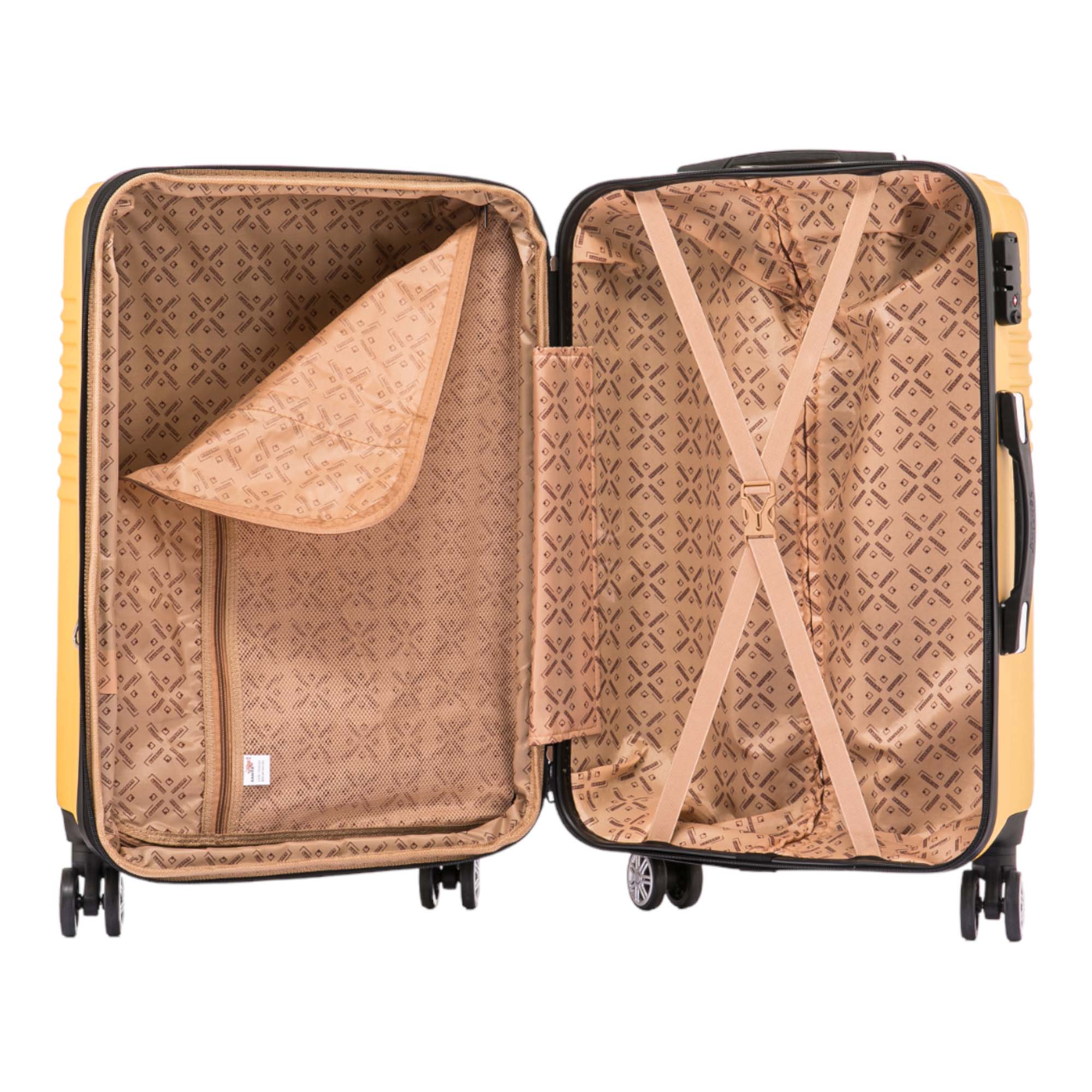 Santino Geometric Rigid 360° Travel Suitcase - ASAV7003G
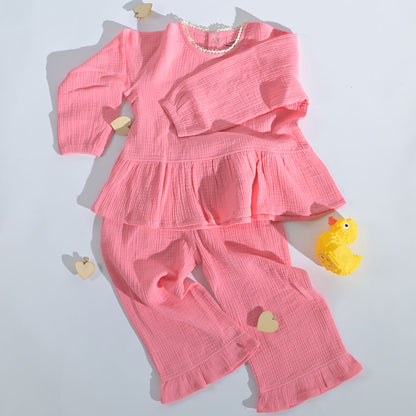 Muslin Elevated Pants- GIRLS
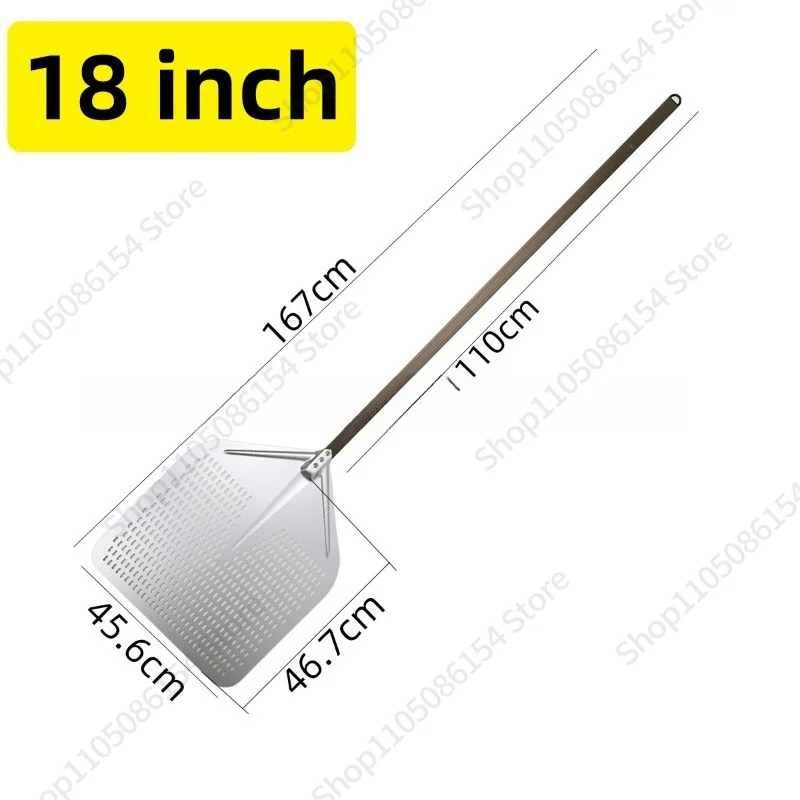 Kiln pizza shovel electric stove wood stove commercial shovel 18 inches 20 inches square aluminum alloy long handle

#### WHAT YOU WILL DO:
Please retype, exactly as they appear, the lines from the one with "Muslin Elevated Pants- GIRLS" through the final line of the material, both included, and drop any pictures.

#### TASK RESULT:
 Muslin Elevated Pants- GIRLS
 Kiln pizza shovel electric stove wood stove commercial shovel 18 inches 20 inches square aluminum alloy long handle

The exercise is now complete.